El docente cree, sin embargo, que, dadas las circunstancias, la solución que se le ha dado a su centro es bastante buena. Si en el Jaume I de Catarroja falta espacio, aquí sucede lo contrario. Las instalaciones fueron diseñadas para albergar a miles de estudiantes. En los últimos años ha albergado el máster de profesorado de secundaria de la Universidad de Valencia, que la institución académica ha reubicado en otro campus para poder ofrecer el edificio a los niños afectados por la dana. “Los primeros días se nos perdían todos”, dice el director del Lluís Vives, “pero ahora ya se han acostumbrado”. En una clase particularmente enorme ―la antigua aula de dibujo― dos niñas de nueve años confirman que están contentas de haberse reencontrado con sus amigas después de más de un mes sin poder salir casi de casa. “Y también”, dice la más bajita, “porque han empezado a arreglar un poco Valencia y hemos encontrado esta escuela donde podemos estudiar y hacer cosas”.
La zona de semisótano de la vieja Escuela de Magisterio alberga más clases ―que no han tenido que ser utilizadas por el colegio― y despachos.
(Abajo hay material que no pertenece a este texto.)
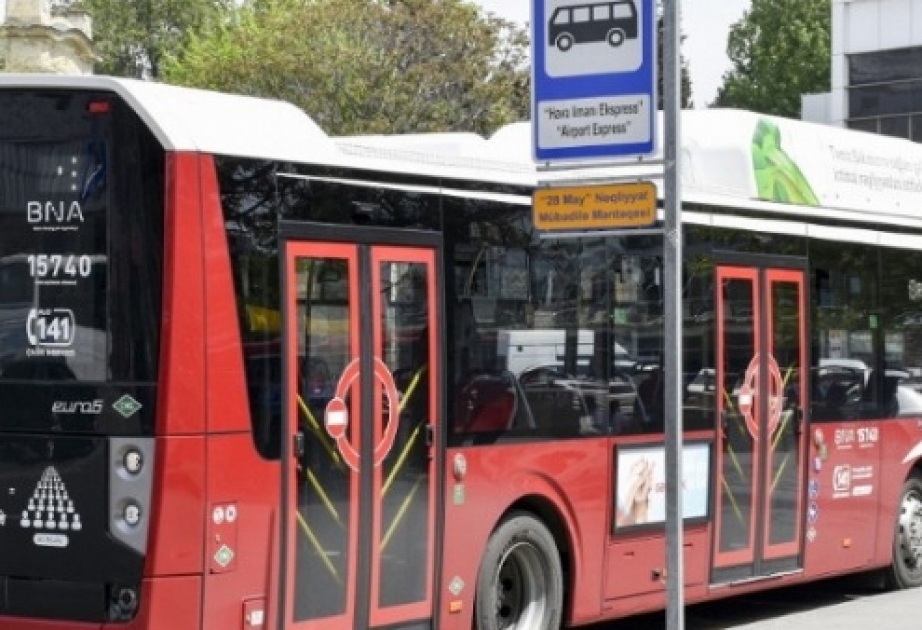 Paytaxtda avtobusların hərəkət intervalında gecikmələr müşahidə edilir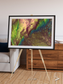 Textured Earth, Sierra de Velasco Framed & Mounted Print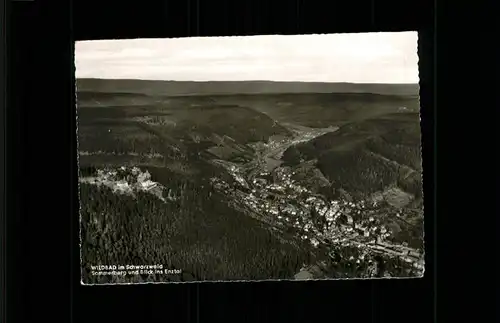 Wildbad Schwarzwald Sommerberg
Enztal Kat. Bad Wildbad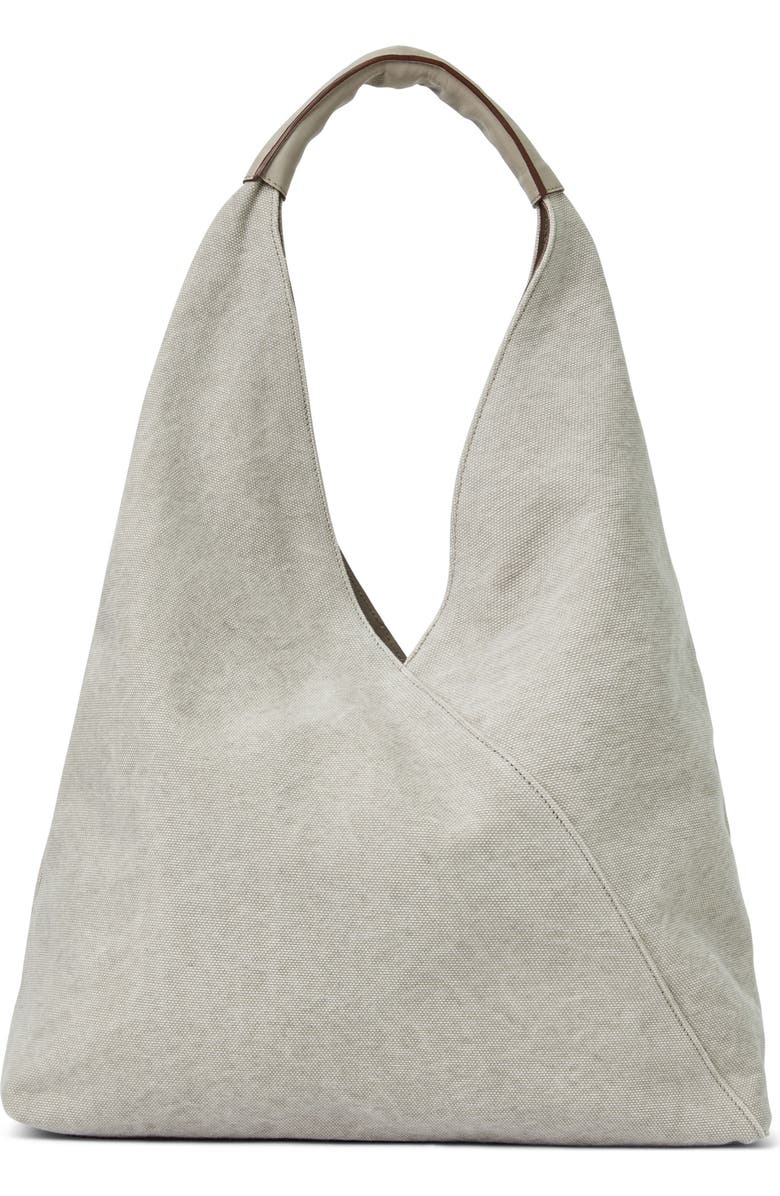Bruno Magli Mirabella Twill Tote Bag, Alternate, color,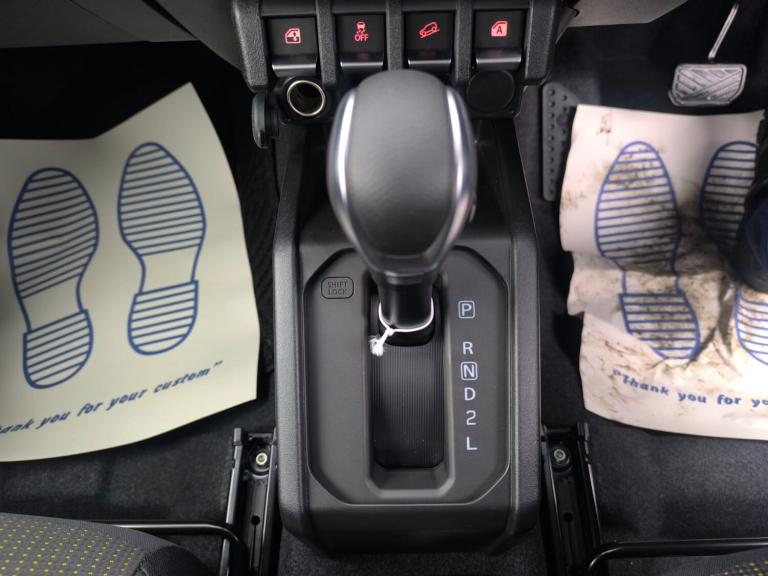 2025 Suzuki Jimny 1.5 Petrol Automatic 4 Seats SUV 3dr 4WD ULEZ Compliant SUV Petrol Automatic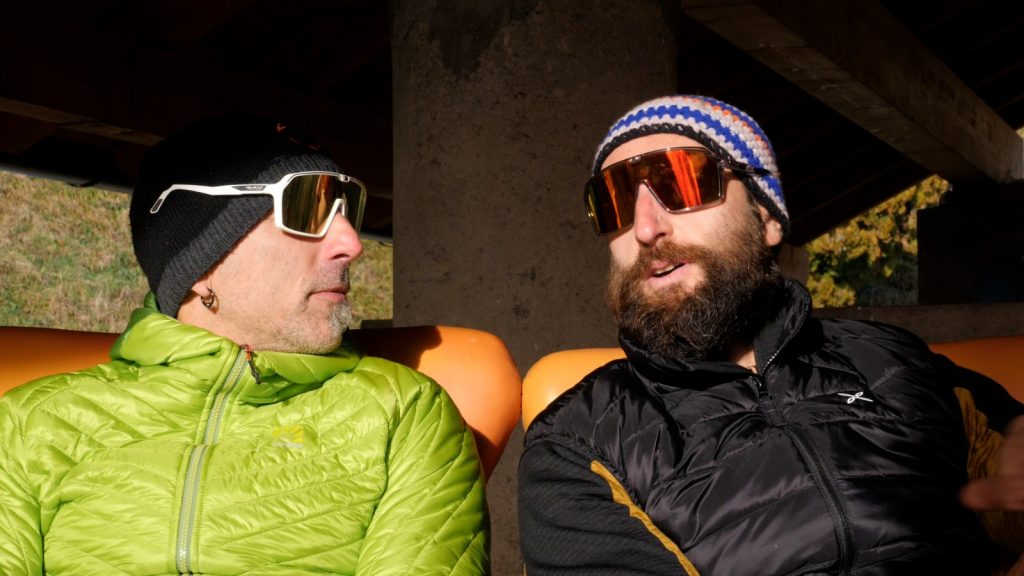 Stefano Gregoretti e Dino Lanzaretti.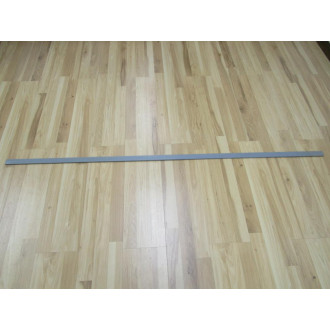 Panduit C1LG6 Oversize 74" Wiring Duct Cover Gray (Pack of 2) - New No Box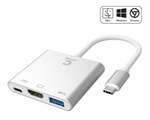 KLIK USB TYPEC MALE TO 2 X HDMI ADAPTER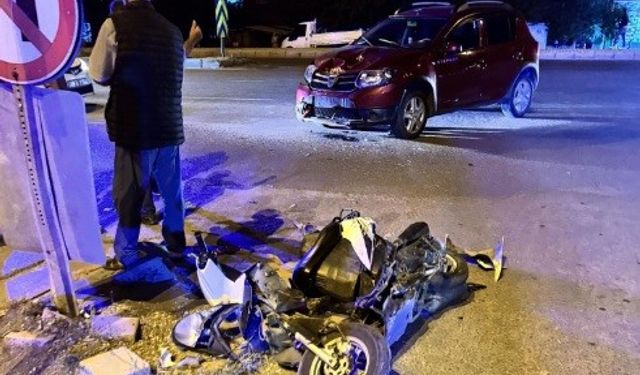 Tavşanlı’da trafik kazası: 1 yaralı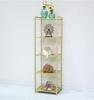 Mannequin Display Rack: Women's Clothing Store, Movable Gold Wrought Iron Hanging Rack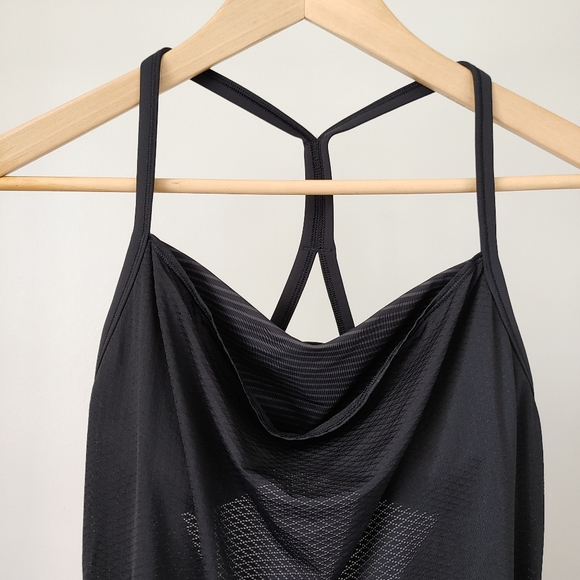 NWOT Lululemon C.Y.B Tank Black Hyper Stripe Size 4 - Picture 8 of 16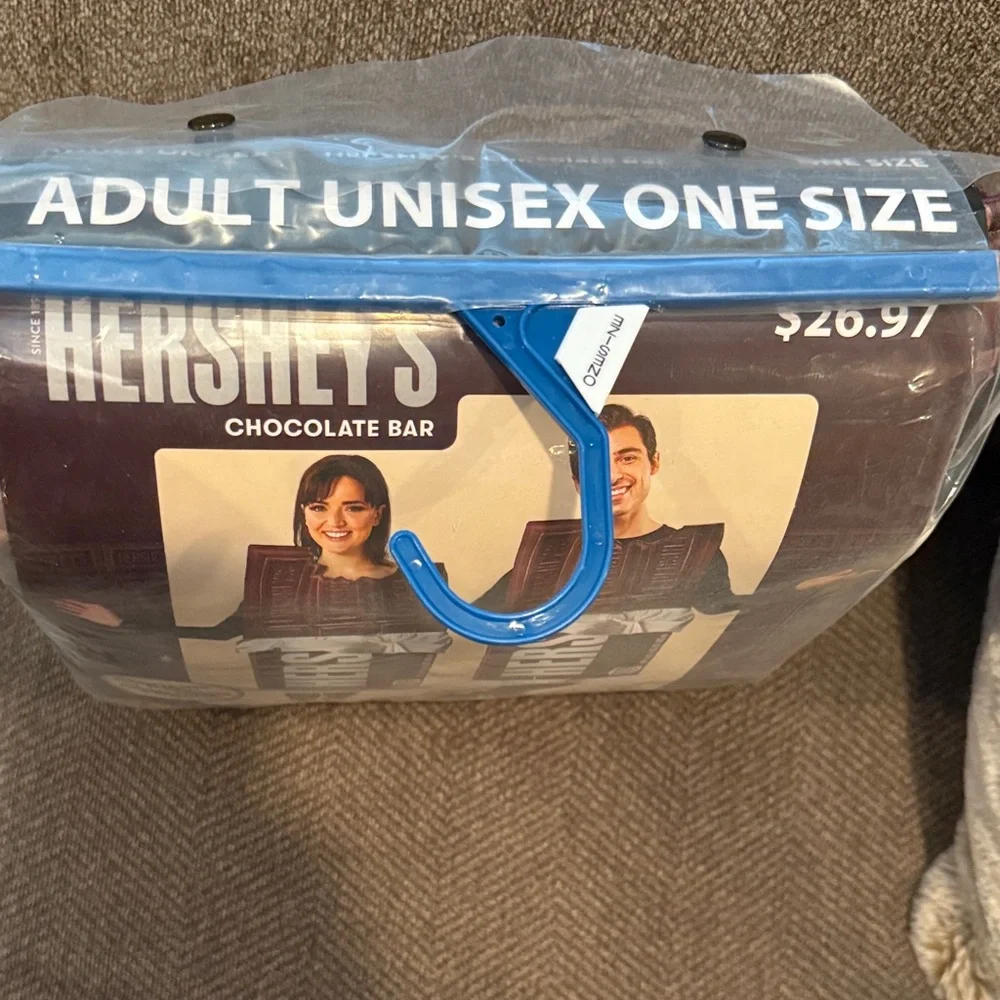 Hershey's Chocolate Bar Costume - Picture 2 of 2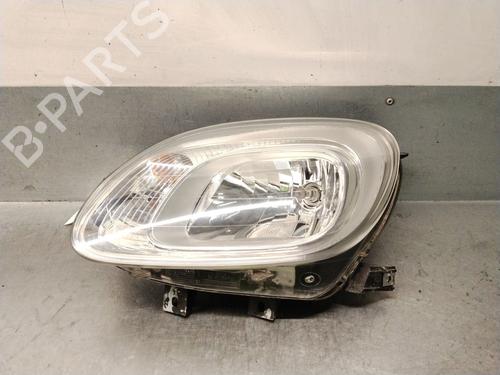 Used Left headlight Left headlight FIAT PANDA (312_, 319_) 1.2 (312PXA1A) (69 hp) 39713535 39713535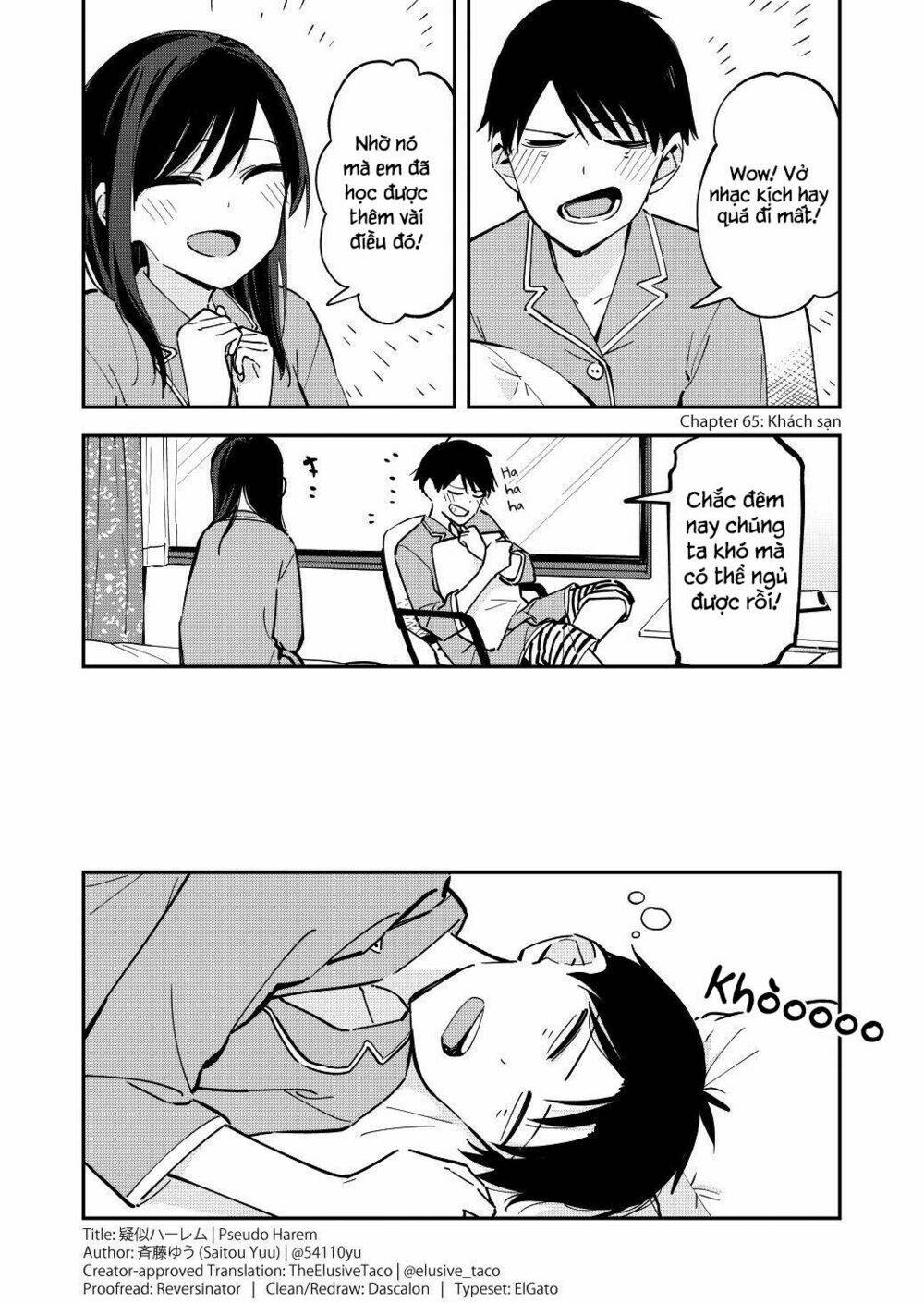 Pseudo Harem: Chapter 66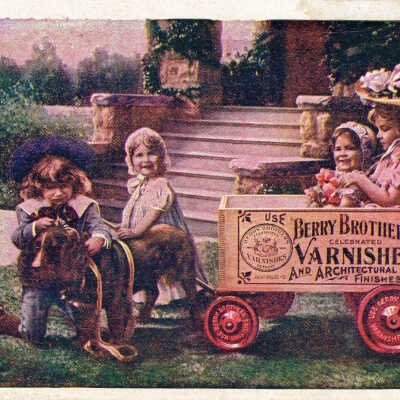 Berry Brothers Varnishes Advertisement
Muchos de ellos están ahora llenos de una chocante cantidad de cajas repletas de libretas, paquetes de folio, cartulinas, lápices, bolígrafos, mochilas, material deportivo, además de todo tipo de juguetes, donadas por colegios, asociaciones de madres y padres (Ampas), y entidades muy diversas de toda España ―desde la casa de la Comunidad Valenciana en Cantabria a clubs de rugby andaluces―. “La solidaridad ha sido impresionante”, dice Crespo, que admite que la verdad es que no saben qué hacer con tantas cosas.
El Lluís Vives de Massanassa ―donde hace unas semanas murió un operario mientras limpiaba el colegio― será demolido y reconstruido. Crespo cuenta con que tendrán que acabar el curso en la antigua Escuela de Magisterio, pero espera poder volver al pueblo para el arranque del curso 2025-2026, aunque sea en aulas prefabricadas. La Consejería de Educación no ha respondido a la pregunta de este periódico sobre cuándo calcula que todo el alumnado afectado por la dana podrá volver a sus centros educativos, aunque sea en instalaciones provisionales.